Tranquilos, que no cunda el pánico, está todo bajo control, nos decían desde el gobierno, cuando, de repente nos ordenan meternos en la jaula, confinados durante 15 días, por lo menos, por decreto del Estado de Alarma. Desde luego, si lo que temía el gobierno era la histeria colectiva, la táctica empleada fue de total acierto porque la ciudadanía siguió – seguimos – con la alegría acostumbrada, asistiendo a nuestras tertulias diarias en los chigres, a los estadios de fútbol, a los espectáculos programados, viajando en los trenes y autobuses abarrotados para acudir al trabajo, sobre todo, incluyendo las multitudinarias manifestaciones del 8-M, entre besos y abrazos, entre estornudos y toses, por mucho que la ministra de Igualdad, Irene Montero, una de las primeras infectadas por coronavirus trate ahora de parapetarse tras los expertos diciendo que las marchas masivas de aquel domingo “no fueron el problema”. Unas declaraciones que contrastan con las de el ministro de Sanidad, Salvador Illa, quien ante los diputados admitía: “Si hubiéramos sabido lo que iba a pasar, claro que hubiéramos adoptado medidas, no el 8 de marzo sino 10 días antes”. No, compañera Irene Montero, te admiro y valoro mucho tu actividad y valentía política, pero en absoluto me importa que pertenezcas a UNIDAS PODEMOS, al PSOE, al PP o Ciudadanos. Pienso que te has equivocado, que has cometido una grave irresponsabilidad, y lo mejor que puedes hacer ahora es reponerte de tu enfermedad y no seguir insistiendo en justificar lo injustificable.
Creo que una pandemia como la que nos ha tocado en suerte gracias al coronavirus COVIC-19 tiene que servir para que todos nos replanteemos nuestra existencia y nuestro modo de vida.
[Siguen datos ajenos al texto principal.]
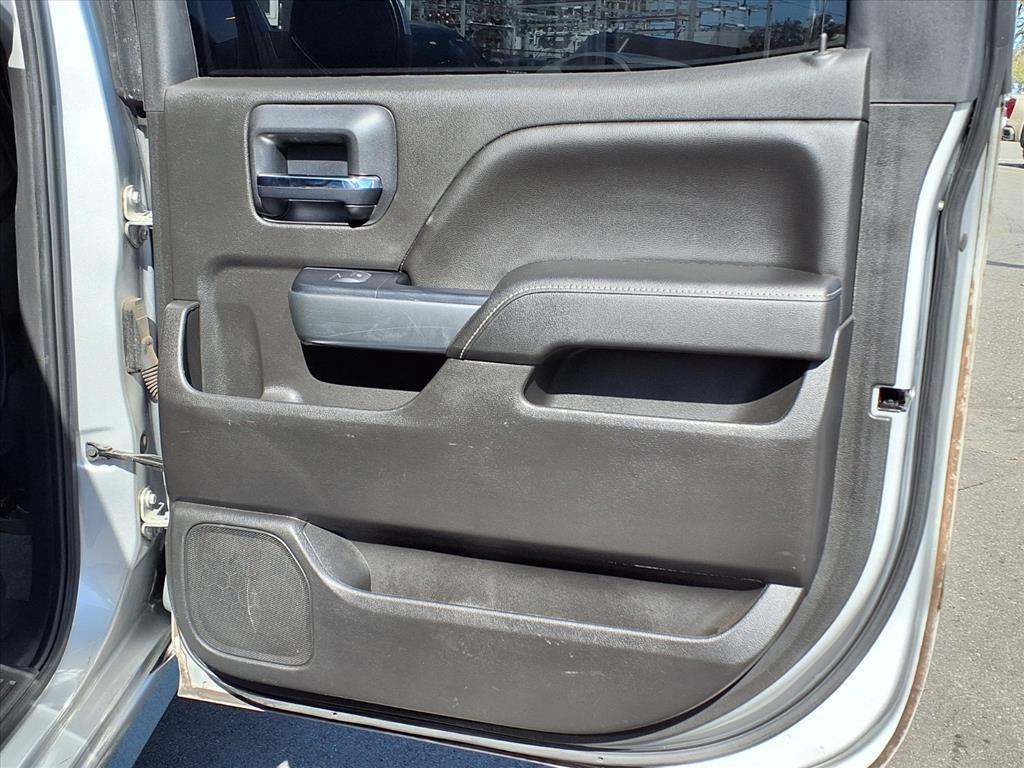 used 2018 Chevrolet Silverado 1500 car, priced at $25,994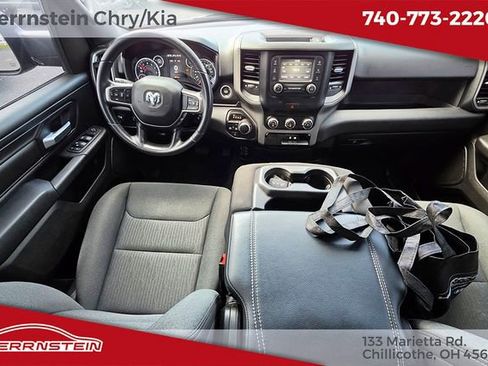 Used 2024 RAM 1500 Tradesman image 12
En las crisis es cuando suelen quedar al descubierto los aspectos superfluos o excesivos de nuestra cotidianidad y cuando más claramente se aprecia lo que es sustancial de verdad. Creo que esta pandemia tiene que servir para que salgamos – menos aquellos y aquellas que han sido víctimas de ella -, más fortalecidos, humana y solidariamente. Ese es mi objetivo, y por él seguiré ofreciendo todo mi esfuerzo y colaboración a todas las causas justas, sean del color que sean y ocurran en cualquier parte del único mundo que existe.